Quantitative Aesthetics : Introduction to Machine Learning for Design
This course aims to introduce students in art and design related fields to concepts and techniques from Machine Learning. Rather than focusing on large “black box” generative AI models we are going to explore the design potential and implications of some of their constituent components and the frameworks that enable them. Through a series of workshops and small projects student should develop an intuitive understanding of how model architecture, training and inference work, how to explore and visualize embeddings and latent spaces and how text and images can occupy the same semantic space. The emphasis will be placed more on the perceptual capabilities and idiosyncrasies of ML models with some forays into generative processes.

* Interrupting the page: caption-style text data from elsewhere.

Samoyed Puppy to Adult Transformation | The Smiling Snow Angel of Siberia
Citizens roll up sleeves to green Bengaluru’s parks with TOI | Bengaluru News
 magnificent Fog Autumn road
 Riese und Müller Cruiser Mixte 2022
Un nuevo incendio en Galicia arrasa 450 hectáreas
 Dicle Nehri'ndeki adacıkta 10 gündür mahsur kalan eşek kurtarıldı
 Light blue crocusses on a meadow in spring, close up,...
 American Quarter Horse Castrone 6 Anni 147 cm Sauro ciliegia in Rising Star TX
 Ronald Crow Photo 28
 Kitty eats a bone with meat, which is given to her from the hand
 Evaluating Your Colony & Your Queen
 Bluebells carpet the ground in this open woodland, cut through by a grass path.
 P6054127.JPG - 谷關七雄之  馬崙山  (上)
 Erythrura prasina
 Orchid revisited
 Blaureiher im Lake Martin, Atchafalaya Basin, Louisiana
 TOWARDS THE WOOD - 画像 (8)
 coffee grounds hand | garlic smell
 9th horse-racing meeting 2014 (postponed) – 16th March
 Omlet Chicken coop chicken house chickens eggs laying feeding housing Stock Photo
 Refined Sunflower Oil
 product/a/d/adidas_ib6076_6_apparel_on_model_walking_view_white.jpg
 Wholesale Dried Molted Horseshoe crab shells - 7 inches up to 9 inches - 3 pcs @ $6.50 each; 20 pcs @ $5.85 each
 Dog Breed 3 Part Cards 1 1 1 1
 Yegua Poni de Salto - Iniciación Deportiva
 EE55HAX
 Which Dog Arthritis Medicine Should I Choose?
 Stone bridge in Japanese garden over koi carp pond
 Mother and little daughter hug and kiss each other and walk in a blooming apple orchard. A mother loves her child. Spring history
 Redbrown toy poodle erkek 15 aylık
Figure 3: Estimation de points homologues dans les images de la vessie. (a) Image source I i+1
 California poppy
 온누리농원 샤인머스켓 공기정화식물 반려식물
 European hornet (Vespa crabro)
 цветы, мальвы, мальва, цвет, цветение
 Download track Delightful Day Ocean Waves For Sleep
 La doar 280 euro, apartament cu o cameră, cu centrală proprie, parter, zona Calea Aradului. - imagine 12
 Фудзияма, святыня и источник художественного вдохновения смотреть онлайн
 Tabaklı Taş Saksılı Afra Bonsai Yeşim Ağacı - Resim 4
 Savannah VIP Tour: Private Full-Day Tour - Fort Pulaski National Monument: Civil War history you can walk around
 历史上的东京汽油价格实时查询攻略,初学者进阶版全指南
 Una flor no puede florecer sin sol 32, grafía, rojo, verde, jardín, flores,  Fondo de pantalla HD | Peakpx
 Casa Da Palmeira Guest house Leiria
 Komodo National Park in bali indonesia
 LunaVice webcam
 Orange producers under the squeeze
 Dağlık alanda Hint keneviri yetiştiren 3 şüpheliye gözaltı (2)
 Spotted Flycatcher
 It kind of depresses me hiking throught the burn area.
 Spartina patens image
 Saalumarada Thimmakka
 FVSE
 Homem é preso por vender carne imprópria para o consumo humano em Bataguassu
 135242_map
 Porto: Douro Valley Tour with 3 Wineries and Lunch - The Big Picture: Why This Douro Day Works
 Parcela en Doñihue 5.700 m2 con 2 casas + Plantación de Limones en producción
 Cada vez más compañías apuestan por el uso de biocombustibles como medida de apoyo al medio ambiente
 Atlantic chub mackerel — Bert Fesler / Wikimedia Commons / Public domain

The course will start with a practical introduction to two- and three-dimensional vector math as this will be the basis for extending our intuition to the multidimensional vector spaces at the heart of ML models. In parallel we will be learning the fundamentals of python programming.
Our main tool chain will consist of Python with the ML library Pytorch and the Computer Vision Library OpenCV along with Rhino’s grasshopper visual programming environment that will help us visualize vector spaces and handle parameterized geometric inputs.
The first day of classes, Tuesday, September 3rd, is held as a MONDAY schedule at the GSD. As this course meets on Monday, the first meeting of this course will be on Tuesday, September 3rd. It will meet regularly thereafter.